Unlike the always-soft demeanor of the E-Class Coupe it replaces, the new generation does a remarkable job at balancing comfort and sportiness (or “dynamism,” as the Germans call it) on both pockmarked city streets and twisty country roads.
The keys to that lie in its chassis and suspension systems. Thanks to the new E-Class’ modular chassis, Mercedes was able to shrink the new E-Class Coupe’s wheelbase 2.6 inches versus the sedan, lower its center of gravity, and widen its front and rear track to help the Coupe feel sporty and quick on its feet. That’s only half the equation, though; Mercedes also fit the E-Coupe with three different suspension systems: Direct Control (the base no frills suspension), Dynamic Body Control (a suspension with adjustable electric damping), and Magic Body Control (full air suspension).
I didn’t have the opportunity to sample the base suspension system, but I spent plenty of time with both the Dynamic Body Control and Magic Body Control units. From behind the wheel, there are very few discernable differences between the two suspension systems. On Barcelona’s city streets, both handled pot holes, trolley tracks, and the occasional pedestrian (I kid) without transmitting any of the punishment into the cabin.
The differences are a bit more noticeable on twisty country roads, with the air suspension-equipped E-Coupe exhibiting slightly less body roll, but the differences are so minor that it’s arguably not worth the likely hefty price premium one would pay for the air suspension. Besides, the E400 Coupe isn’t what you’d describe as a corner carver; though it’s perfectly capable of doing so, it does so with a sense of “do I have to?” reluctance. Again, the E400 Coupe would much rather be cruising.

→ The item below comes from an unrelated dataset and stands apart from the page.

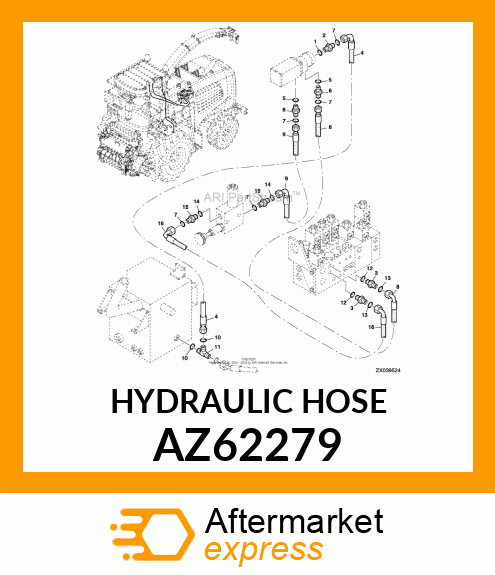 HYDRAULIC HOSE AZ62279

Part of what makes the Mercedes E-Class Coupe such an exceptional cruiser is its cabin, which blends new technology with old-school luxury. Up front is the E-Class Sedan’s twin 12.3-inch LCD screens, the left of which is mounted directly in front of the annoyingly off-center steering wheel and serves as a modular instrument cluster, and the right, center-mounted display that handles infotainment functions. Both screens are controlled via touch-sensitive thumb pads on the corresponding sides of the steering wheel. The E-Coupe is also available with Mercedes’ Drive Pilot semiautonomous software, which helps reduce the driver’s workload by automatically matching the speed limit and even changing lanes by itself upon the driver’s command.

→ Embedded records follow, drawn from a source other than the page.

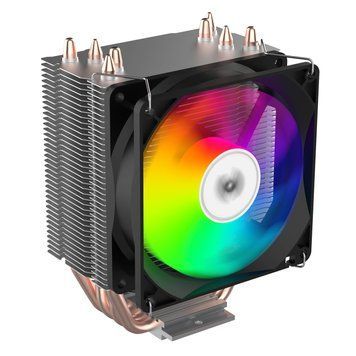 2E Gaming Процесорний кулер Air Cool AC90D4-ARGB, LGA1700, 1200, 115x, 1366, AM5, AM4, AM3, AM3+, 4pin PWM, 3pin +5VARGB, TDP 130W 2E-AC90D4-ARGB фото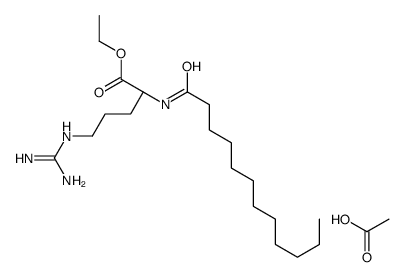 acetic acid,ethyl (2S)-5-(diaminomethylideneamino)-2-(dodecanoylamino)pentanoate Structure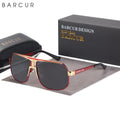 BARCUR Polarized Sunglasses for Men - UV400 Gradient Lens Oval Frame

On the luxury front, the E-Class Coupe’s cabin features comfortable seats—as long as you skip the sportier option—and high-quality materials. The back seat is well-appointed with its own air conditioner vents and optional seat heaters, and they’re pretty spacious for a coupe too, with leg- and kneeroom comfortable enough for a six-foot-one-inch adult, though headroom is tight. Like most modern Benz’s, the E-Coupe’s interior is available with a wide variety of material and color options, including some beautiful unfinished wood. The one demerit the E400’s interior earns itself is in cabin noise; far more wind and tire noise than acceptable for a luxury car enters the cabin at highway speeds.

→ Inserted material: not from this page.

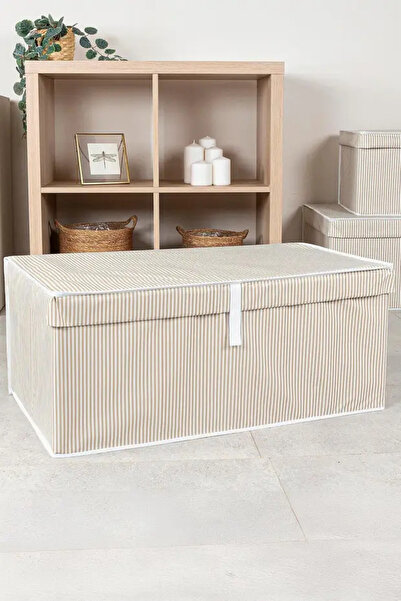 Tex Republic صندوق متعدد الأغراض بني اللون مع غطاء هورش ميجابلوس 70x40x30 سم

Pricing for the 2018 Mercedes-Benz E400 Coupe will be announced closer to its summer launch, but customers shouldn’t expect its price to stray too far upward from the outgoing E-Coupe’s $55,000 starting price, which isn’t much more than the smaller C-Class Coupe’s $43,000 starting price and a significant bargain compared to the S-Class Coupe. Although the downturn of coupe sales the past few years might have scared other automakers off from making new coupes, Mercedes is confident that the new E-Class Coupe will comfortably bridge the gap between its other two two-doors. Based on my experience behind the wheel and the company’s recent successes, I’d say it’s probably right.